Every line from the one containing "シンプルエレガント写真の結婚サンキューカード (スタンド正面)" to the one containing "Theory Size P" in the records below, both included, must be set down exactly, and no other line.

SOURCE DATA:
• • • • • • •

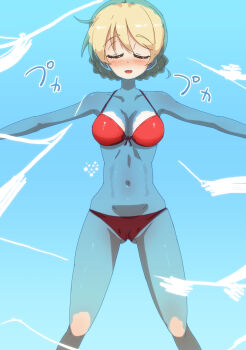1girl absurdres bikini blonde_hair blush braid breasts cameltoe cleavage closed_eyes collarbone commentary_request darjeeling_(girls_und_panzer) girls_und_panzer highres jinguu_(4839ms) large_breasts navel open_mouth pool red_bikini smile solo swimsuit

• • • • • • •

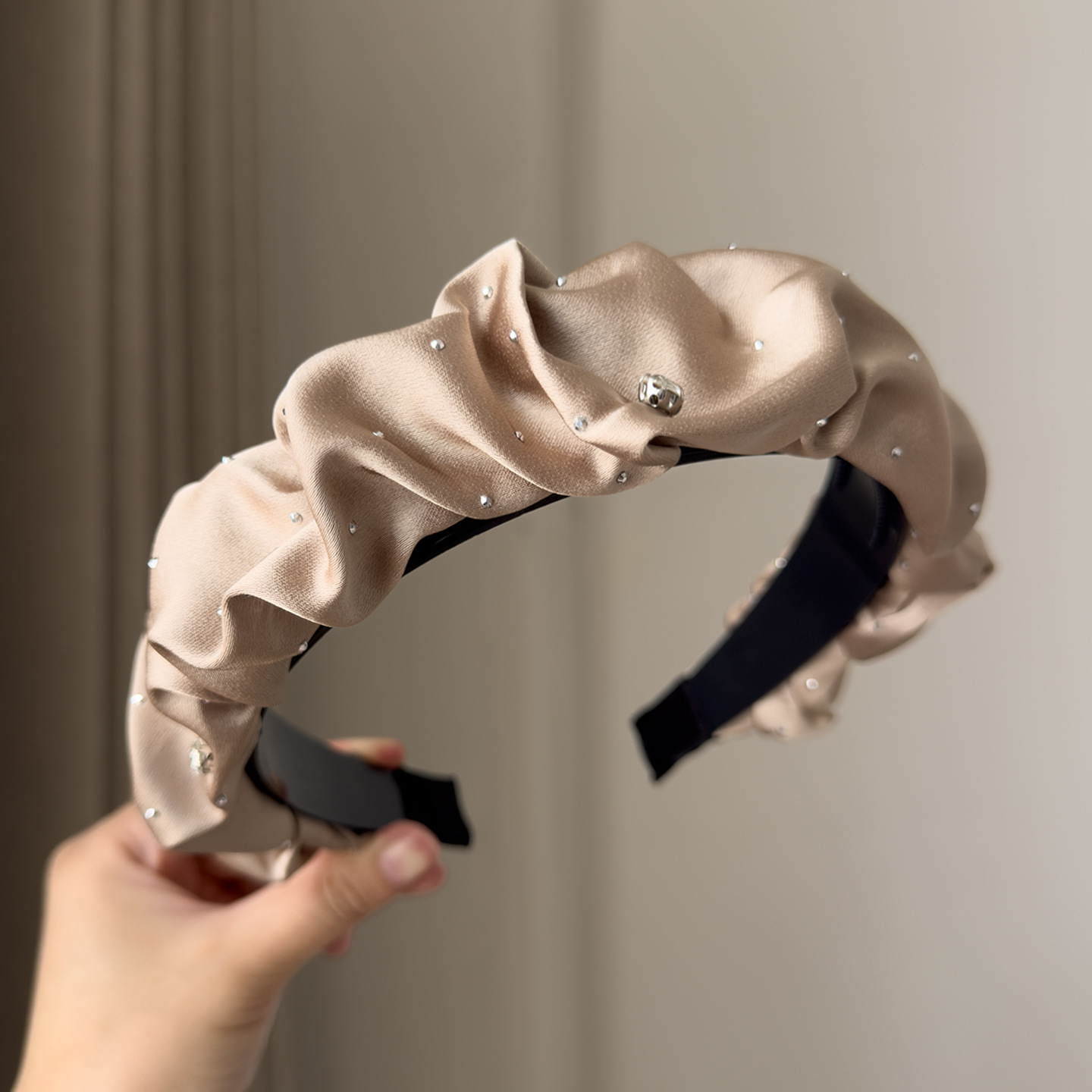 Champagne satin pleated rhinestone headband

• • • • • • •

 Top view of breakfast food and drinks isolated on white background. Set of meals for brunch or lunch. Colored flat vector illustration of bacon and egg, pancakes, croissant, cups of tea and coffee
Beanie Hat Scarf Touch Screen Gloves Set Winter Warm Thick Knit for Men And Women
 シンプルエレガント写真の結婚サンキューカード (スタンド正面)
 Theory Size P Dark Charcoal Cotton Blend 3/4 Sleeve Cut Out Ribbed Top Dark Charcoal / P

• • • • • • •

TASK ANSWER:
 シンプルエレガント写真の結婚サンキューカード (スタンド正面)
 Theory Size P Dark Charcoal Cotton Blend 3/4 Sleeve Cut Out Ribbed Top Dark Charcoal / P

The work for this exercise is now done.